What the task asks – Set down the data below word for word, and leave the images aside.

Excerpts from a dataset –
------------------------------------------------

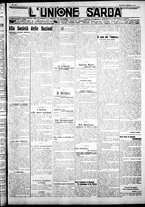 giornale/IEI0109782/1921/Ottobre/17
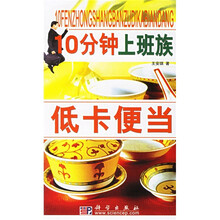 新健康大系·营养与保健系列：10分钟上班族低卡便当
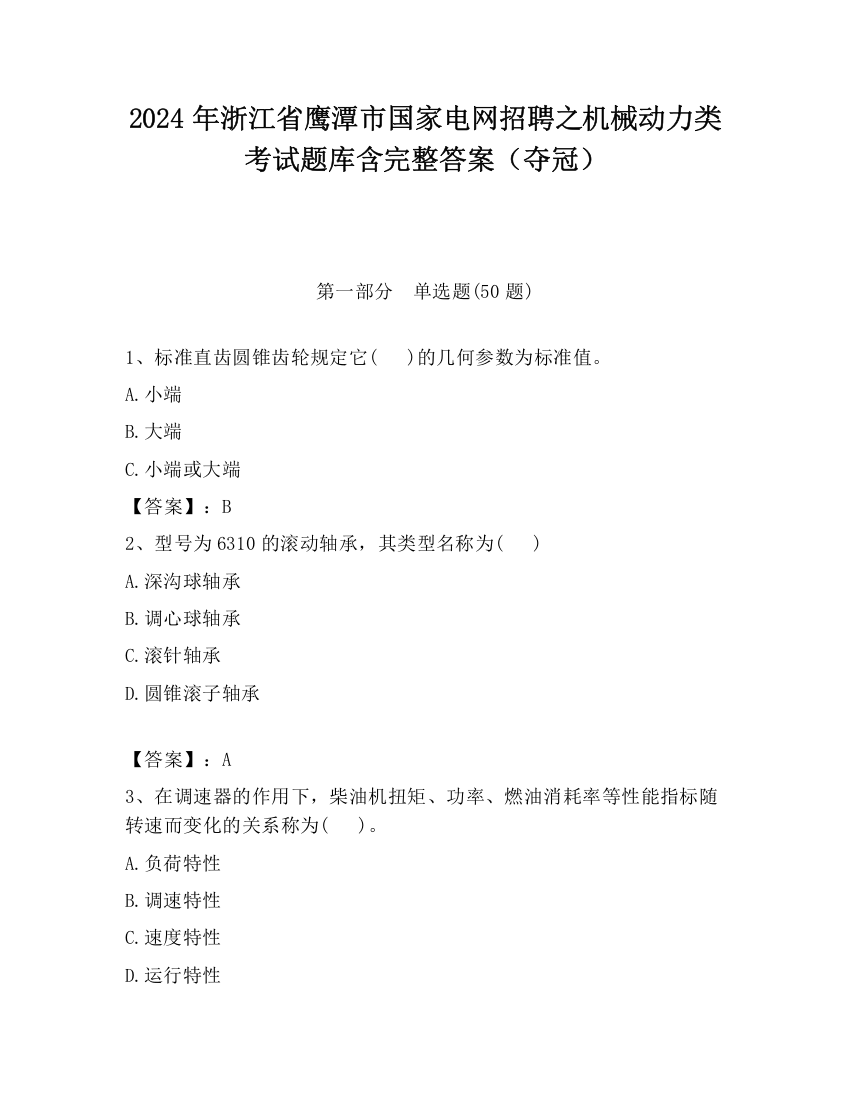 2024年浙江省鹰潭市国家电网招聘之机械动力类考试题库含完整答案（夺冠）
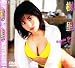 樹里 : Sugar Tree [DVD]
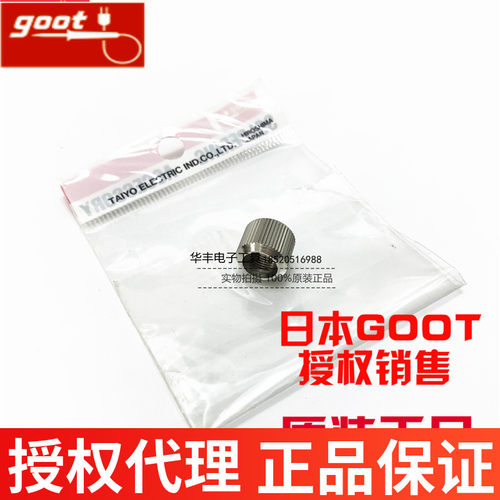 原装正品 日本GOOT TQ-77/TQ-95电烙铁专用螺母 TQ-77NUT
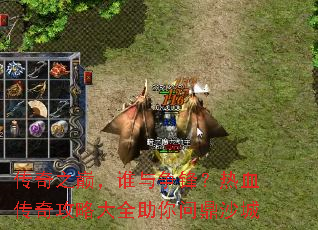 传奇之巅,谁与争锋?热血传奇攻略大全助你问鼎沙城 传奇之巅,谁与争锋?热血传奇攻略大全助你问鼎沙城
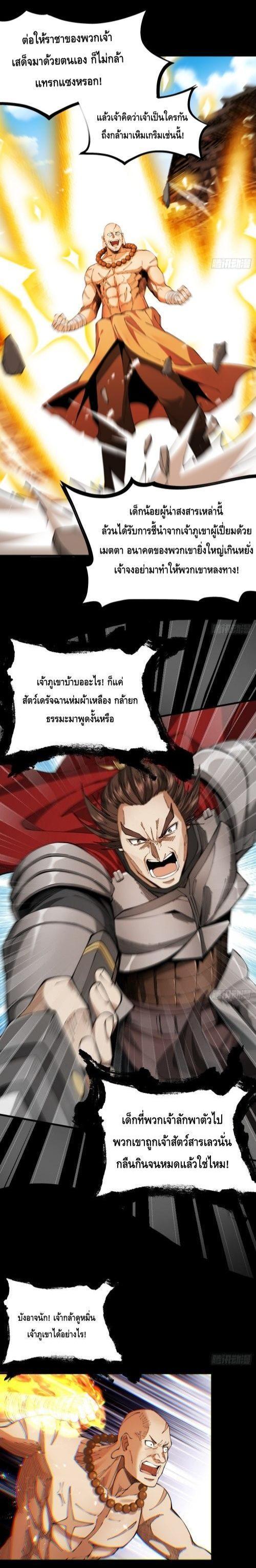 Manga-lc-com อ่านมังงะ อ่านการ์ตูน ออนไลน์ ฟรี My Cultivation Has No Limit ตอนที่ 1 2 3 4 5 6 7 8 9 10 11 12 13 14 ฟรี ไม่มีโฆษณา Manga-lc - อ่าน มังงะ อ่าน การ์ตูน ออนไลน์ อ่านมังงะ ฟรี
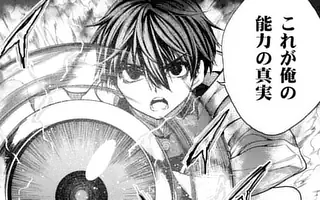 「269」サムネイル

------------------------------------------------

Written solution –
 giornale/IEI0109782/1921/Ottobre/17
 新健康大系·营养与保健系列：10分钟上班族低卡便当
 2024年浙江省鹰潭市国家电网招聘之机械动力类考试题库含完整答案（夺冠）
 樹里 : Sugar Tree [DVD]
 原装正品 日本GOOT TQ-77/TQ-95电烙铁专用螺母 TQ-77NUT
 传奇之巅,谁与争锋?热血传奇攻略大全助你问鼎沙城 传奇之巅,谁与争锋?热血传奇攻略大全助你问鼎沙城
 Manga-lc-com อ่านมังงะ อ่านการ์ตูน ออนไลน์ ฟรี My Cultivation Has No Limit ตอนที่ 1 2 3 4 5 6 7 8 9 10 11 12 13 14 ฟรี ไม่มีโฆษณา Manga-lc - อ่าน มังงะ อ่าน การ์ตูน ออนไลน์ อ่านมังงะ ฟรี
 「269」サムネイル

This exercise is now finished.